Matrix containing additional features for classification.

Aweights

List containing estimated A weights for each component model that was fit. For PCA, contains the loadings.

Bweights

List containing estimated B weights for each component model that was fit. Null if model was pca.

Cweights

List containing estimated C weights for each Parafac or Parafac2 model that was fit. Null if input argument x was a three-way array or if model was pca.

Phi

If model = "parafac2", a list containing estimated Phi from the Parafac2 model. Phi is the common cross product matrix shared by all levels of the last mode (see help file for function parafac2 in package multiway for additional details). NULL if model = "parafac" or if model = "pca".

const

Constraints used in fitting the Parafac, Parafac2, or PCA model. When model was pca, contains the value used in input pcarot to indicate whether a rotation was applied to the solution.

cmode

Integer value of 1, 2, or 3 (or 4 if x is a four-way array) specifying mode whose component weights were predictors for classification.

family

Character value specifying whether classification was binary (family = "binomial") or multiclass (family = "multinomial").

xdim

Numeric value specifying number of levels for each mode of input x. If model = "parafac2", the number of levels for the first mode is designated as NA because the number of levels can differ across levels of the last mode. If model = "pca" and if input x was a 3-way or 4-way array, xdim contains the number of levels of the matrix that is the unfolded version of the input array.

lxdim

train.weights

List containing classification component weights for each fit Parafac or Parafac2 model, for possibly different numbers of components.
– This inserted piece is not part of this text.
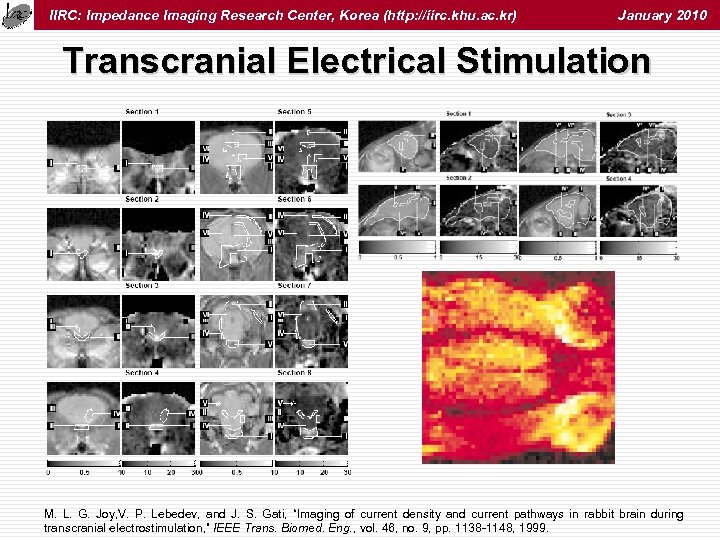 IIRC: Impedance Imaging Research Center, Korea (http: //iirc. khu. ac. kr) January 2010 Transcranial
The weights used to train classifiers.

priorweights

List containing three elements based on input prior: (1) weight, inverse probability weights per observation, used to balance classes for PLR, NN, and GBM; (2) frac, inverse probability weights per class, used to balance classes for SVM; and (3) pricorrect, uniform priors used to balance classes for RF and RDA.

scenters

List containing center of the scale for each Parafac or Parafac2 model that was fit. Note that, for each component, estimated classification weights are mean-centered before being passed to classification methods. Returns FALSE if argument compscale = FALSE.

sscales

List containing standard devition of the scale for each Parafac or Parafac2 model that was fit. Note that, for each component, estimated classification weights are scaled to have a variance of 1 before being passed to classification methods. Returns FALSE if argument compscale = FALSE.

pcacenter

Numeric vector containing centers for each feature used in PCA. NULL if model is not pca.

Note

For fitting the Parafac model, if argument cmode is not NULL, input array x is reshaped with function aperm such that the cmode dimension of x is ordered last. Estimated mode A and B (and mode C for a four-way array) weights that are outputted as Aweights and Bweights (and Cweights) reflect this permutation. For example, if x is a four-way array and cmode = 2, the original input modes 1, 2, 3, and 4 will correspond to output modes 1, 3, 4, 2. Here, output A = input 1; B = 3, and C = 4 (i.e., the second mode specified by cmode has been moved to the D mode/last mode). For model = "parafac2", classification mode is assumed to be the last mode (i.e., mode C for three-way array and mode D for four-way array). For PCA, if argument cmode is not NULL, and if x is a 3-way or 4-way array, the array is reshaped with aperm such that the cmode dimension of x is ordered first. Then, the array is unfolded into a two-way matrix. If x is already input as a two-way matrix, the matrix is reshaped if cmode is 2, such that the matrix is transposed. Note that for PCA, Aweights contains the PCA model loadings.

In addition, note that the following combination of arguments will give an error: nfac = 1, family = "multinomial", method = "PLR". The issue arises from providing glmnet::cv.glmnet input x with a matrix that has a single column. The issue is resolved for family = "binomial" because a column of 0s is appended to the single column, but this solution does not appear to work for the multiclass case. As such, this combination of arguments is not currently allowed. This issue will be resolved in a future update.